Aún faltan
unas horas para que amanezca. Un hombre pasea por la orilla de la playa,
contemplando el mar. Se llama Justino y es famoso en muchos círculos
intelectuales de aquella Roma del siglo II. No tarda en descubrir a otra
persona, en este lugar ahora desierto: es un anciano. El intelectual se
pregunta qué puede hacer aquí a estas horas, pero no dice nada. Solo lo mira,
sorprendido.
El anciano
percibe su desconcierto y se dirige a él. Le explica que espera a unos
familiares que están navegando. La conversación prosigue. El intelectual opina
sobre cualquier tema: cultura, política, religión. Le gusta hablar. El anciano
sabe escuchar y he aquí que, cuando interviene, lo hace con mesura y sensatez.

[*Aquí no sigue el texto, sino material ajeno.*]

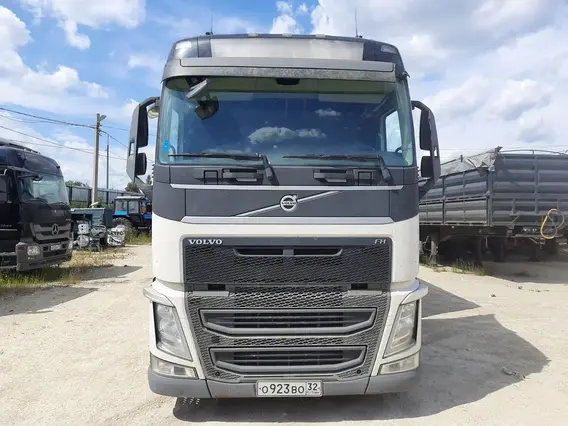 Седельный тягач Volvo FH 2017 года б/у фото 3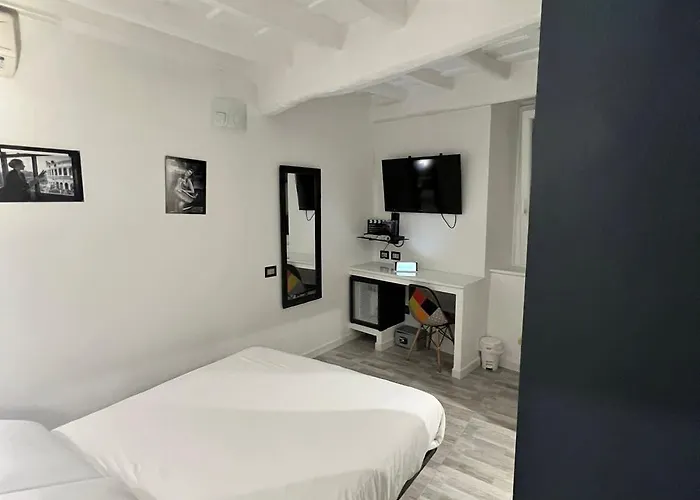 Irooms - Spanish Steps 4*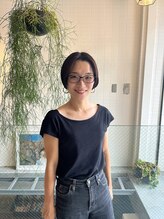 メグリ(meguri) 輪郭　首元　スッキリショート
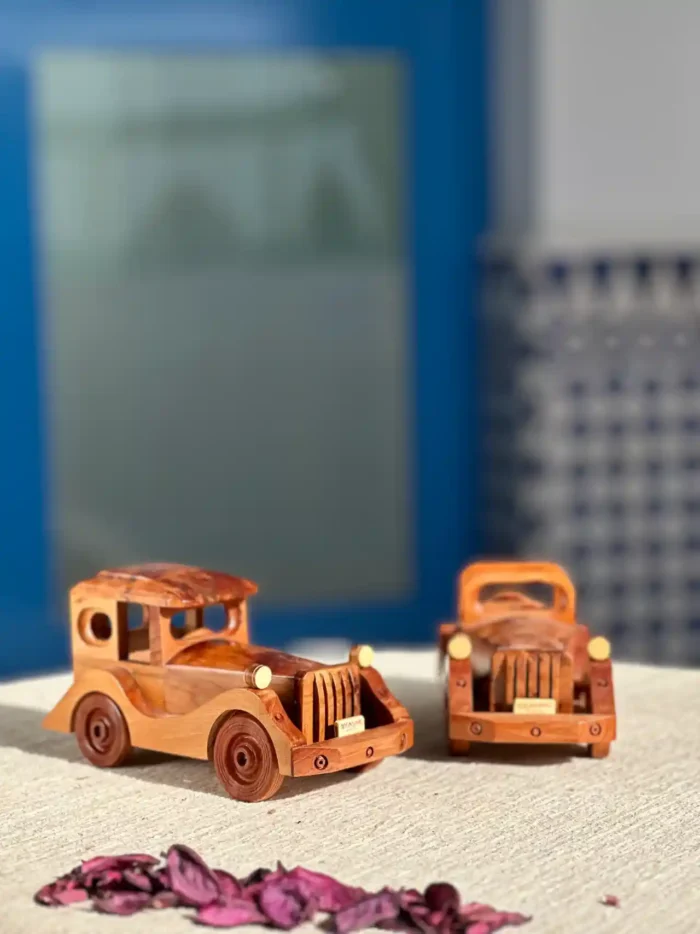 The Timeless Thuya Wood Car Model - Image 2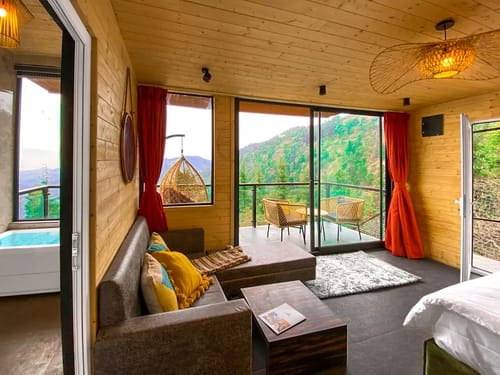 Retreat by The Kiana W/ Indoor Jacuzzi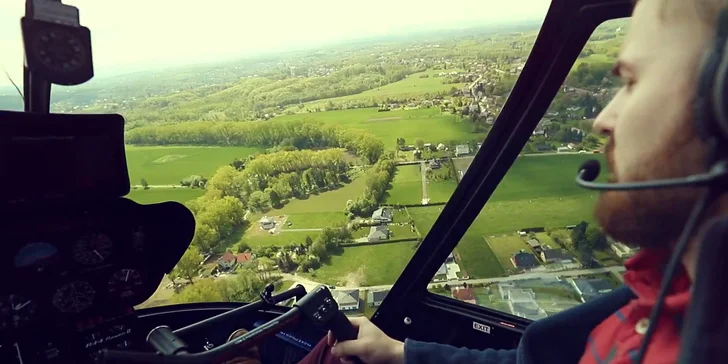Darujte nebeský zážitok: vyhliadkový let vrtuľníkom Robinson R44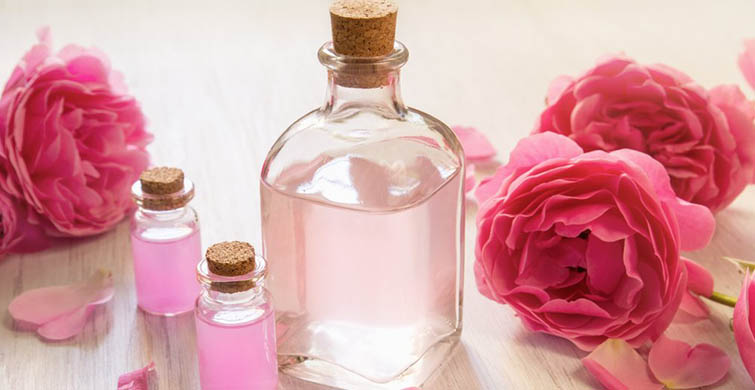 EAU DE ROSE aide a éviter les problèmes de peau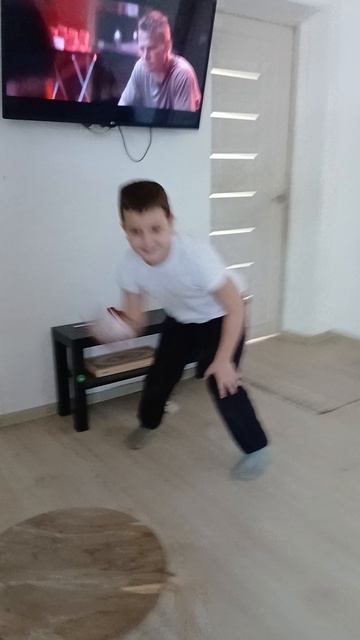 кинул  туалетку.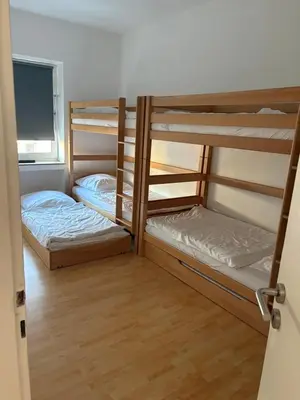Ein Bett oder Betten in einem Zimmer der Unterkunft Altstadt 2 bedroom 10-12 beds 15 Min Messe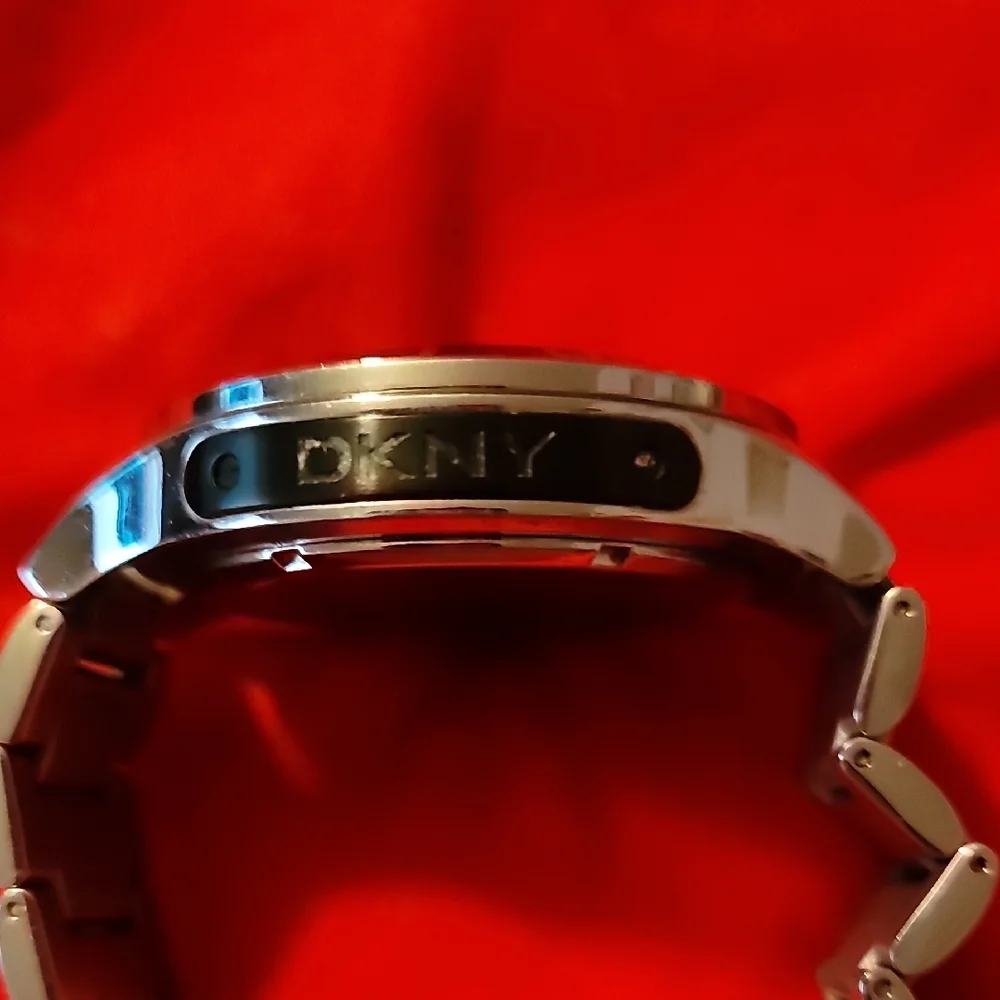 DKNY NY1452 Chronograph Watch with 3 Subdials, Date &‎ Silver and Black Accents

Tal vez, en otra ocasión, el intelectual hubiera ironizado o dado por terminado
el diálogo. Sin embargo, la claridad de ideas del anciano le desarma. El
intelectual no comparte algunas de esas ideas, pero reconoce que tienen mucho
en común con las suyas. Al final, el anciano le desvela que es cristiano.
Justino empieza a ver con simpatía la fe sencilla de aquel anciano. Pasan las
horas. Se despiden. Nunca se volverán a ver.
El intelectual
no olvidará este encuentro. Meses después, comprenderá que solo aquellas
palabras del anciano parecen dar razón de sus ansias de verdad. Eran ideas que
estaban transformando su vida y que provenían de la fe cristiana. Un encuentro
fortuito le había acercado a la fe, abriéndole un horizonte más amplio que el
que le presentaban todas sus creencias anteriores. Al poco tiempo, Justino, el
gran filósofo, recibirá el bautismo y se convertirá en uno de los más grandes
apologistas de la fe.
Los padres de
Justino eran paganos y le habían dado una excelente educación, instruyéndole
esmeradamente en filosofía, literatura e historia. Había frecuentado las
escuelas estoica, aristotélica, pitagórica y platónica. Era un gran buscador de
la verdad, y el encuentro con aquel anciano determinó su conversión y su
dedicación al servicio de Dios. Tenía en aquel momento unos treinta años.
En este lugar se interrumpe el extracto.